GROVE CITY, Pa., April 17, 2012 — Dwight Howard is a rare combination of power, timing and springiness. This enables him to dominate the paint like no one has since Shaquille O’Neal was getting whacked by three 6’10” minions just to keep him away from the rim in the early 2000s.
Unfortunately, Howard is also the rare combination of being chronically self-absorbed yet lacking any sort of self-awareness. The ongoing saga between he and Orlando Magic coach Stan Van Gundy – in which Van Gundy has claimed that Howard tried to get him fired, followed by Howard’s fervent denial in the most awkward interview of our generation – has reached an all-time low.
WKMG reported Thursday morning that Howard allegedly called Magic owner Rich DeVos to tell him that we will no longer play for Van Gundy.
Of course, this all stems from Howard’s long, slow, painful, pitiful (in)decision to waive the opt-out clause of his contract with the Magic several weeks ago, thus meaning he would remain under contract at least one more year.

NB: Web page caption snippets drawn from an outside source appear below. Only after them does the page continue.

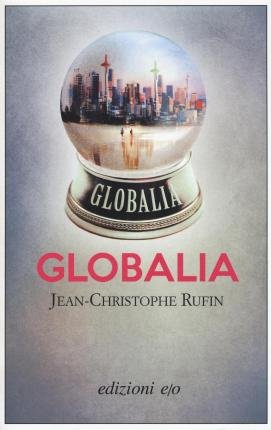 Cover for Jean-Christophe Rufin · Globalia (Buch)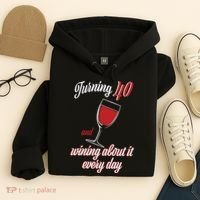 Turning 40 And Wining About It Everyday Hoodie thumb 4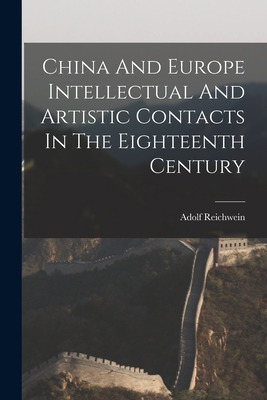 Libro China And Europe Intellectual And Artistic Contacts...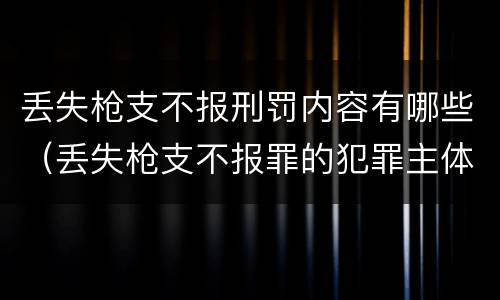 丢失枪支不报刑罚内容有哪些（丢失枪支不报罪的犯罪主体只能是什么）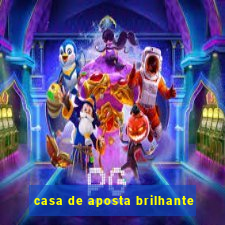 casa de aposta brilhante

Citing “honesty” and “loyalty,” Howard woefully attempted to promote his “good-guy” image in the following press conference, acting like he had done the city of Orlando and the Magic franchise one helluva good deed.
The rest of us, meanwhile, shook our heads.
For the duration of his seven year career, Howard has been the oft subject of interviews, commercials, feature stories and Sports Center pieces. His agenda throughout all of these has been clear: “Look, guys, I’m a goofy, carefree dude.” He wants you to like him, because unlike other ho-hum players, he has that endearing sort of immaturity that has him dunking in a Superman cape on All-Star Weekend. He cares what you think.
Yet his recent actions with his contract and with Van Gundy reveal the true Dwight Howard.
I’m not saying he’s a villain, because I think he means well. Sadly, however, Howard is another case of a player too immature and too self-absorbed to see the truth—that we’re not falling for his misguided attempts to promote his character.
The more he wavers and denies, the more we grimace. At least LeBron made it clear.
Granted, the self-absorbed superstar is nothing new. Hell, Carmelo Anthony has a painting of himself hanging above his fireplace. But we liked Howard; for a time, he was endearing.
Now it seems we no longer like Howard. His self-awareness is comically woeful. He has time to redeem himself, of course, but for now, he’s just a sad tale.